Las redes —tan llenas de promesas y tan vacías de presencia— nos entrenan para la estupidez. Nos acostumbran a la corriente que todo lo arrastra, a la sensación de estar vivos solo cuando el ruido nos nombra. Y en ese vértigo aprendemos rápidamente a confundir las palabras con su propio eco, a la opinión con el conocimiento y a la urgencia de nuestro reflejo con la verdad de nuestra imagen.

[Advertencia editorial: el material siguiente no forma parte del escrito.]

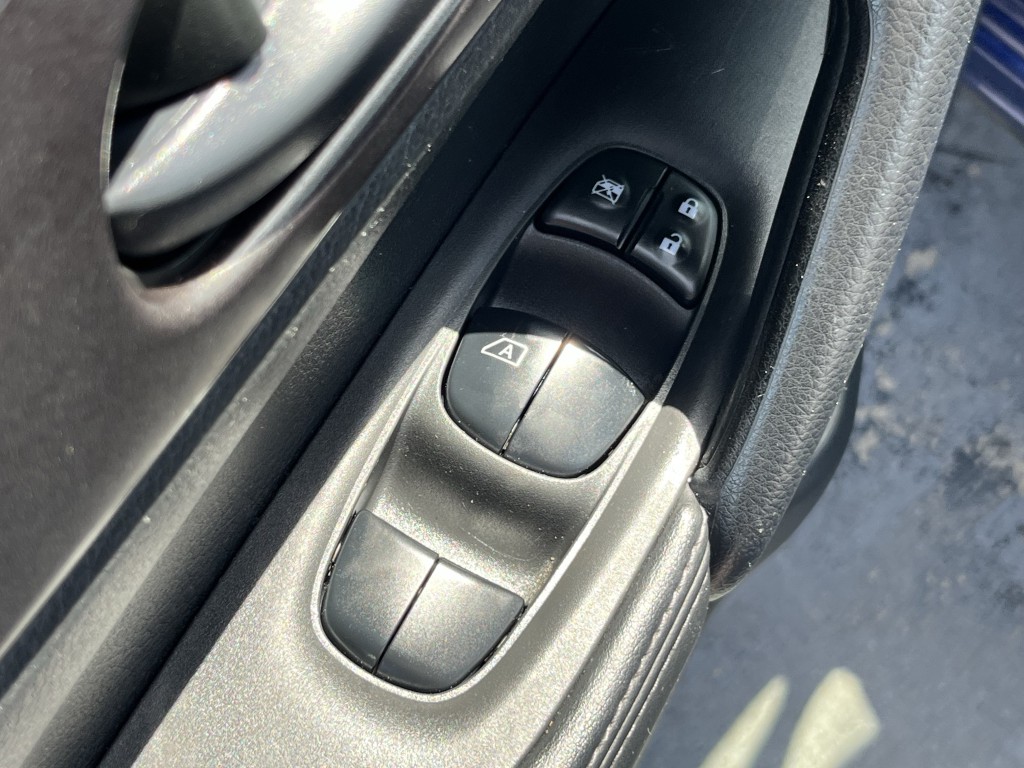 2021 Nissan Rogue Image 26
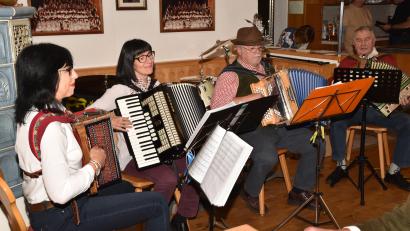 Bild: hcz
Das Quartett "Zieh-Harmonie Grafenwöhr" war zum ersten Mal beim Musikantentreffen der "Nordoberpfälzer Musikfreunde" dabei: (von links) Lilia Gette, Christine Geyer, Hans Mehrl und Willi Winderl.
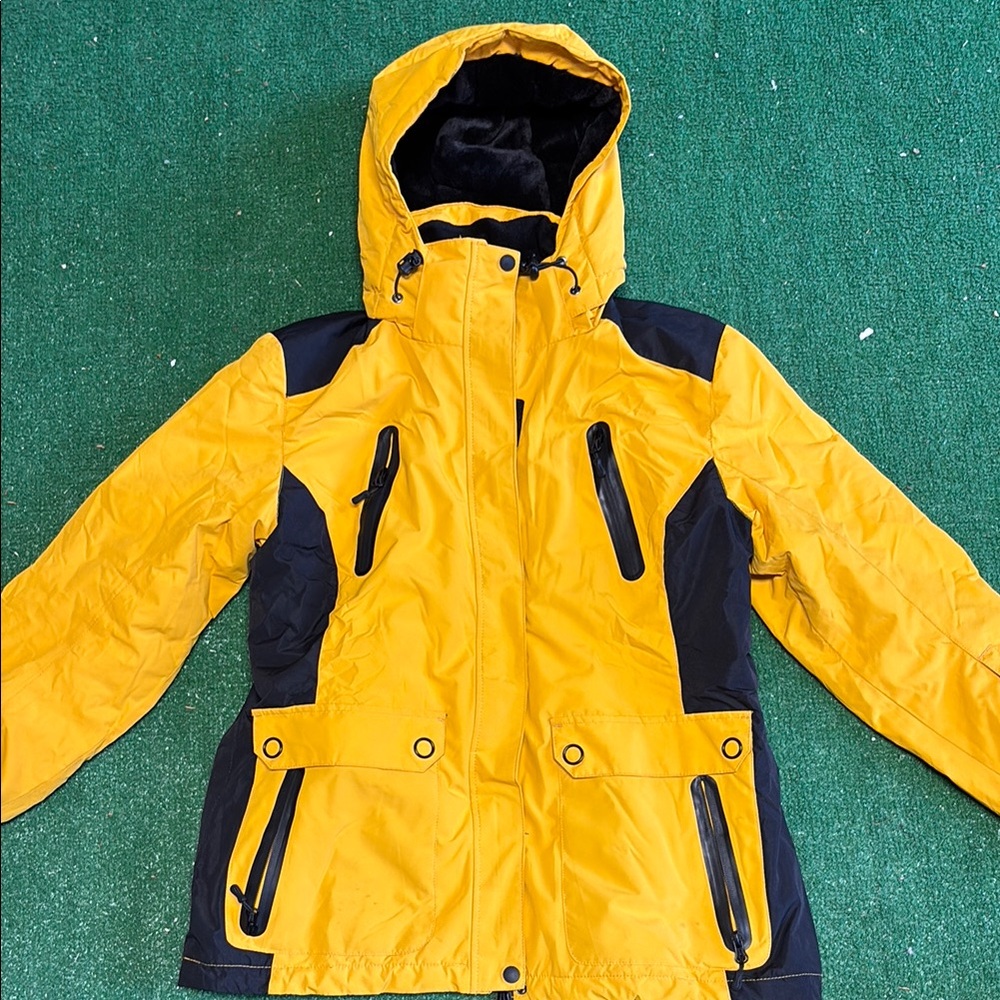 Free soldier Yellow and Black Rain Jacket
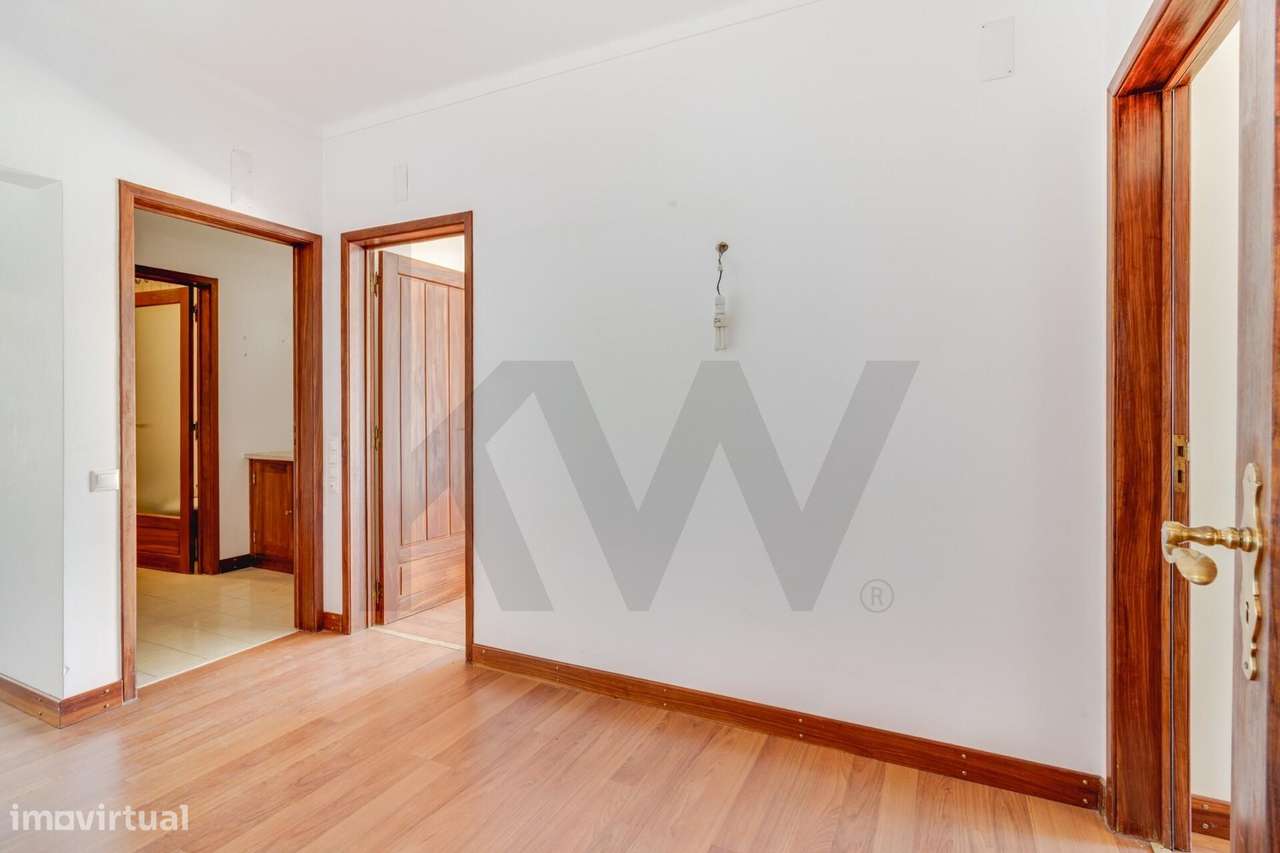 Penthouse T3 com Terraço de 165m2 , Vista Mar e Garagem-10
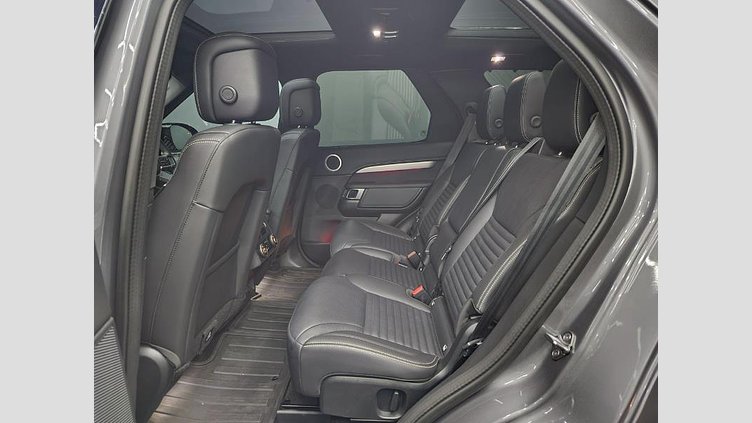 2025 Approved Land Rover Discovery Eiger Grey The 2025 Land Rover Discovery D350 Dynamic SE in stunning Eiger Grey with Black Pack has only 20,550km on the clock and offers the perfect balance of luxury, performance, and versatility with its 7-seat configuration. D350 Dynamic SE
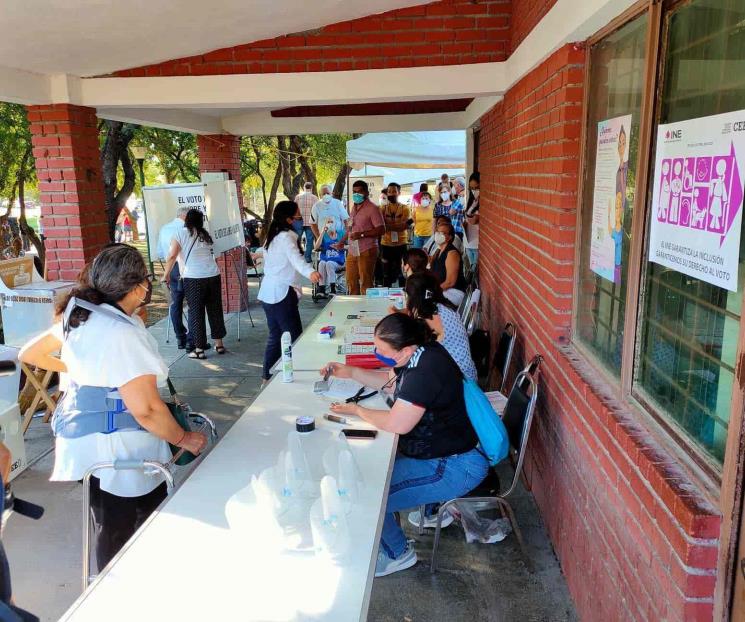 Se instalaron 7,003 casillas en Nuevo León Se instalaron 7,003 casillas en Nuevo León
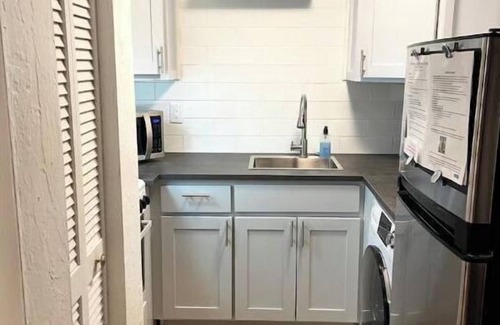 Sarasota Apartment | Lido-Key-Tiny Adorable Studio-C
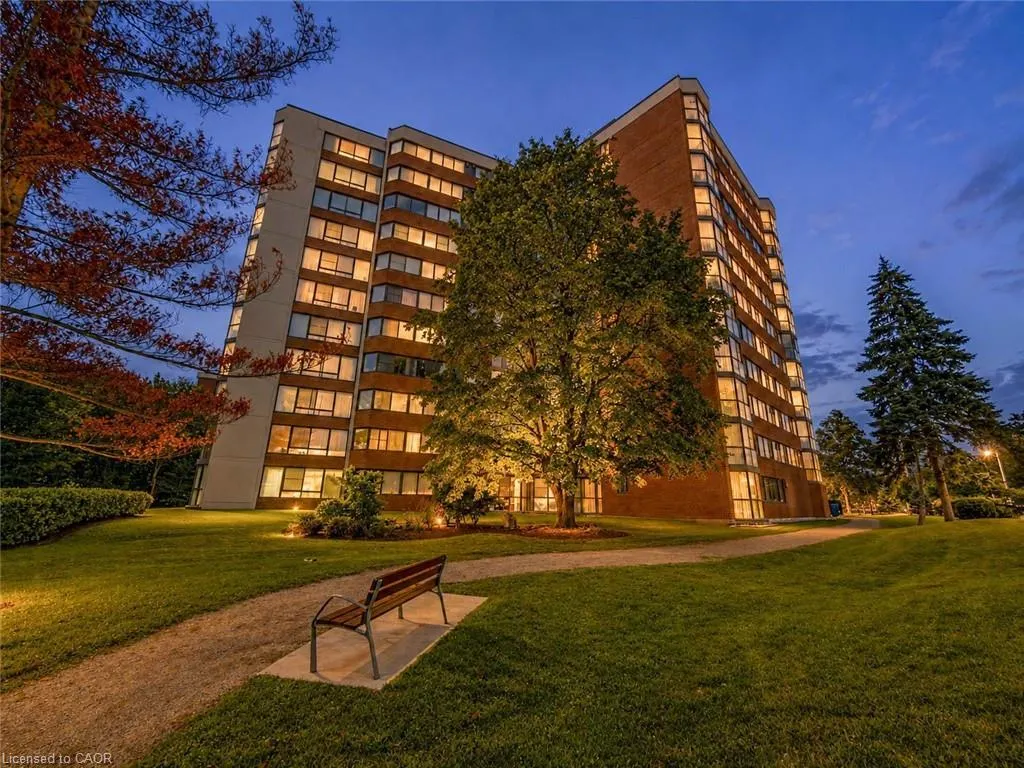 1230 Marlborough Court #202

Mientras tanto, el trabajo pausado, hecho con las manos y los silencios de la escucha, va quedando fuera de la vista. No reparamos en lo que germina despacio ni en quienes necesitan beber agua fresca en la sombra de la espera. Incluso despreciamos el gesto paciente, condenando a la lentitud que ya tratamos como si fuese un error de fábrica. Y al mismo tiempo que la prisa nos devora, la vida sigue lanzándonos sus advertencias. Ayer mismo, una cantante se bajó del escenario porque, quizás, dejó de oír su voz. Antes de ayer, una niña se suicidó porque no soportaba más las voces que la acorralaban en su colegio. Tal vez nos convendría recordar que el silencio también enseña y que no toda palabra es sabia. Tampoco que toda rapidez es señal de vida. En todo caso, en esta época de vertederos digitales y deplorable gestión de residuos, convendría cuidarnos la lengua, porque de tanto hablar y arrojar palabras sin pensar acabaremos echando basura por la boca.

No todo lo que se toca se convierte en oro. Ya lo supo José Arcadio Buendía cuando, entre frascos y alquimias, transformó las joyas de su casa en pura mierda de perro. Y aunque hasta en la más aborrecible miseria exista la posibilidad de que una flor se atreva a abrirse entre lo que el ruido arrojó, aunque la vida florezca en el borde de un  retrete —o en el borde de lo que aborrecemos—, la palabra, una vez que nos ha mostrado su lado más salvaje, ha de volver a convertirse en canción y en música. También en memoria que cruce los siglos y nos cruce la cara.